## Directions for this task
Everything from the line holding "Tunisia 50 Francs, 1938-1945 reverse" through the last line of the records should be repeated word for word, and pictures should be omitted.

## Source information
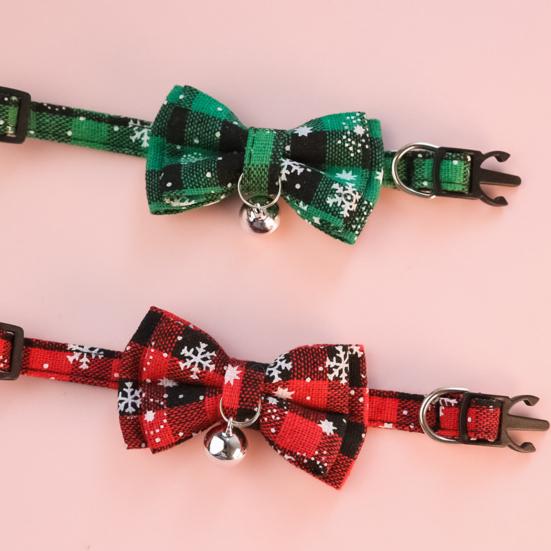 Cat Collar Bell Dress Up Plaid Christmas Element Pet Collar for Party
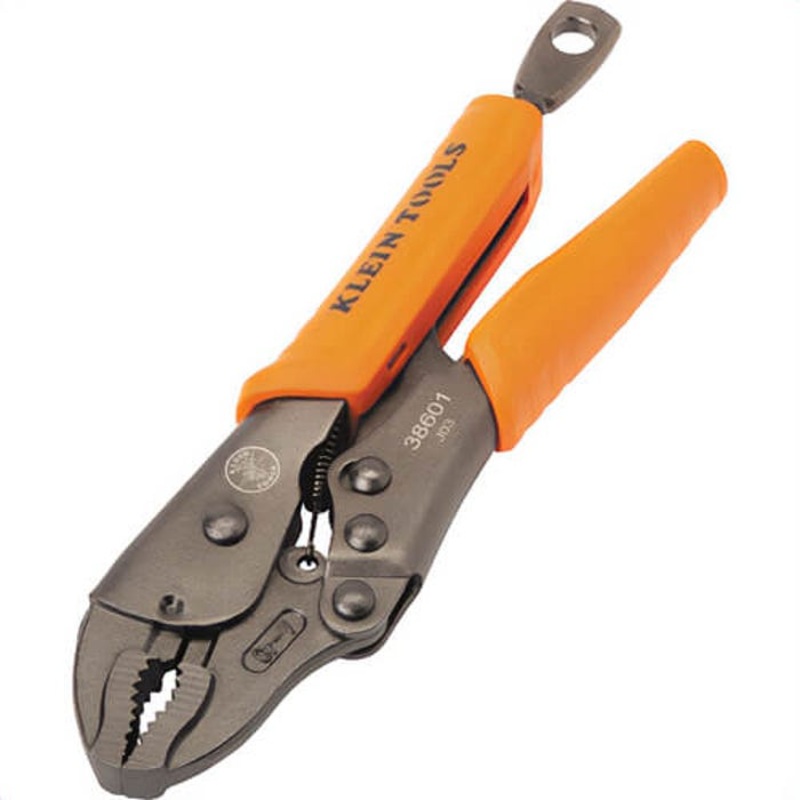 Klein 38601 Curved Jaw Locking Pliers, Molded Grip Finish, Steel, Orange/Black, 3.43 in Handle, 1.9 in Jaw Capacity, 7 in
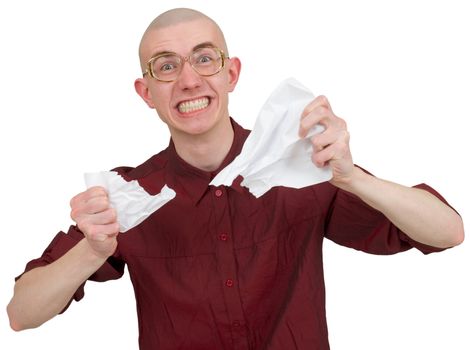 Man tear to pieces sheet of paper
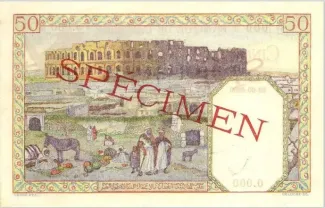 Tunisia 50 Francs, 1938-1945 reverse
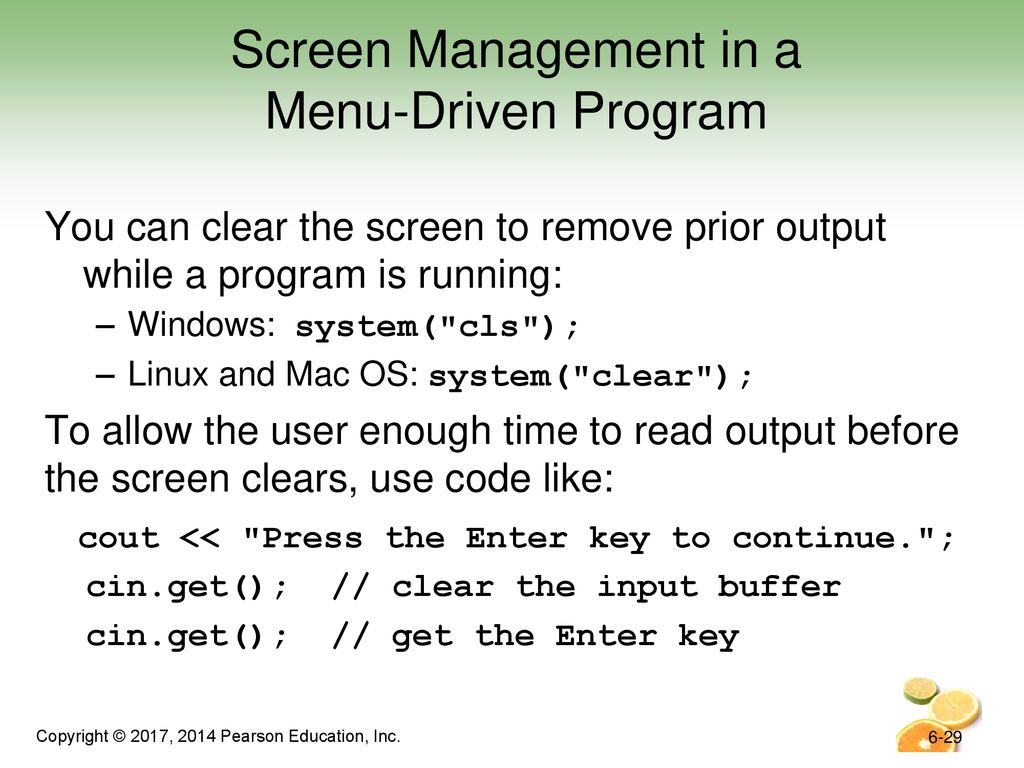 Screen Management in a Menu-Driven Program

## Answer to the exercise
 Tunisia 50 Francs, 1938-1945 reverse
 Screen Management in a Menu-Driven Program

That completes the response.